When that minister – now France’s president – announced this week that he was severing diplomatic contacts with Syria because of its nefarious role in Lebanese politics, it was but the latest example of the sort of behavior that has endeared Nicolas Sarkozy to French Jewry.
“The community here is thrilled, and so am I,” said Nicole Guedj, a Jew who is a former minister and member of France’s highest legal body, the Conseil d’Etat. “Nicolas Sarkozy really understands as president of France what the word security means to the State of Israel and says it publicly.”
Since Sarkozy assumed the presidency half a year ago, he has shifted France away from the anti-American sentiment that marked the last few years under Jacques Chirac, hardened the country’s line toward Iran and promised to uphold Israel’s security in pushing for peace in the Middle East while maintaining France’s strong ties to the Arab world.

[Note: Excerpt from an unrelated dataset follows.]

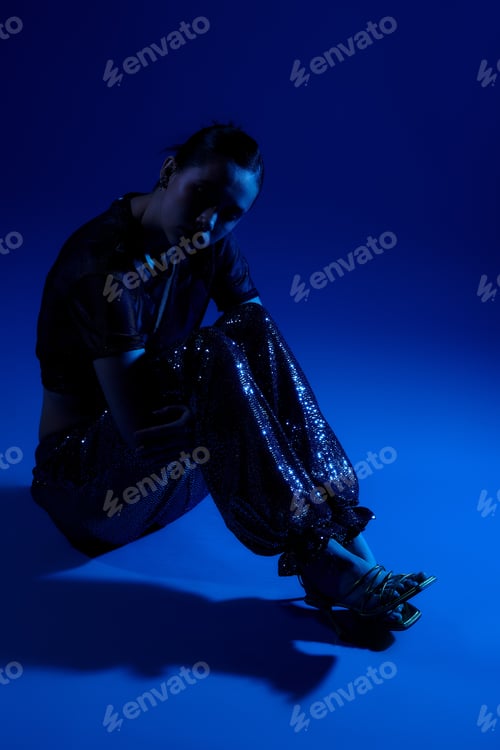 Preview: Stylish young woman displays a trendy outfit in a vibrant studio setting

After years of stepped-up anti-Semitism and questions about the safety and future of Jews in France, most Jews here have welcomed Sarkozy’s ascendancy.
“We have rarely heard such words of support for Israeli security from a French president,” said Meyer Habib, the vice president of the CRIF umbrella organization of French Jewry.

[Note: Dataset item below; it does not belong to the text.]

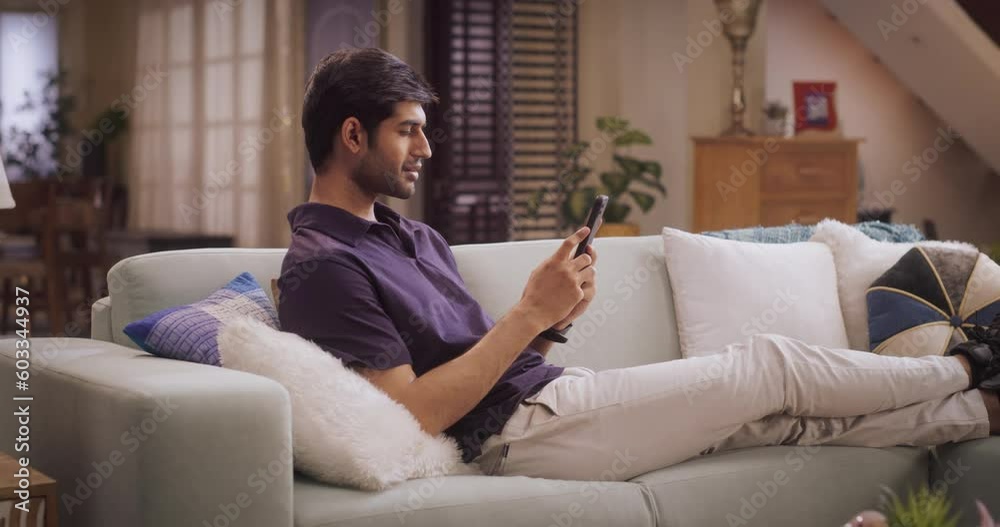 Relaxed Man Resting on Sofa, Browsing Smartphone for Work and Leisure. Researching New Online Shopping Ideas, Staying Updated on Social Media, and Connecting with Friends Online. Slow Moption Relaxed Man Resting on Sofa, Browsing Smartphone for Work and Leisure. Researching New Online Shopping Ideas, Staying Updated on Social Media, and Connecting with Friends Online. Slow Moption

“When the United States issued its report that Iran had stopped working on nuclear missile heads in 2003, the French president immediately said that this does not change a thing,” noted Habib, referring to the recent U.S. National Intelligence Estimate.
Sarkozy, Habib said, “is maintaining a tough stance against any nuclear work in Iran, much more so than Chirac would have done, and he has full support on that from the Jews here, who believe that any nuclear warheads would be aimed at Israel.”
Others expressed more ambivalence about Sarkozy, particularly about his invitation to Libyan dictator Moammar Gadhafi, who spent five days visiting France in December.
Sarkozy’s welcome of the Libyan strongman “bothered many French Jews,” French Jewish fund-raiser Gil Taieb said at a recent charity dinner of the French United Jewish Appeal. Sarkozy “wants to sell nuclear power stations to Gadhafi, who is nuts and dangerous,” he said.
Sarkozy is the baptized Catholic son of a Hungarian aristocrat father and French mother whose father was a Sephardic Jew from Thessaloniki, Greece.
Habib, who met often with Sarkozy during his years as interior minister, said Sarkozy has received anti-Semitic hate mail from French right-wing extremists throughout his political career, starting from when he was mayor of Neuilly, a well-off Paris suburb with a sizable Jewish population.
“Sarkozy has known the feeling of anti-Semitism, though he is not Jewish,” Habib said.
The head of the United French Jewish Social Fund, Pierre Besnainou, who is the former president of the European Jewish Congress, says French Jews also like Sarkozy for his pro-business policies. Among other things, Sarkozy has pushed to do away with France’s mandatory 35-hour work week.
“President Sarkozy is sending out two strong messages to the French: that America is our friend and there is nothing wrong with making money,” Besnainou, a self-made millionaire, said. “This is reassuring for many Jews here who are entrepreneurs.”
Though France has Europe’s largest Jewish community, with some 600,000 people in a total population of approximately 60 million, France has lagged behind Germany, Britain and even Belgium in trade ties with Israel.
At a recent gala dinner of the France-Israel Chamber of Commerce, Israeli Deputy Prime Minister Haim Ramon said he wants that to change under Sarkozy.
“Given the new environment and ongoing contact, we want to see France-Israel trade relations double in the next five years,” Ramon said.
Daniel Rouach, founder and editor of IsraelValley, the Web site of the France-Israel Chamber of Commerce, said there has been an upsurge recently in requests by French companies at the commercial division of the French Embassy in Tel Aviv.
“French companies are feeling a sort of political signal from President Sarkozy to look into going to Israel,” said Rouach, who is also a professor at the prestigious ESCO-EAP management school in Paris and at Israel’s Technion Institute of Technology.
Before the 1967 Six-Day War, France was Israel’s largest supplier of weapons. France also built Israel’s Dimona nuclear facility in the Negev Desert.
Not all Jewish community members think it’s wise to embrace Sarkozy so warmly.
“Yes, he is certainly a friend of Israel’s, but he is also the president of France,” said Taieb, who is also a CRIF official.
Jewish fawning over Sarkozy “is excessive,” Taieb said. Instead, he said, Jewish officials should take care to maintain a certain distance.
“We must not be in a position to have to make excuses not to criticize him when necessary,” Taieb said. “Let’s keep some critical distance.”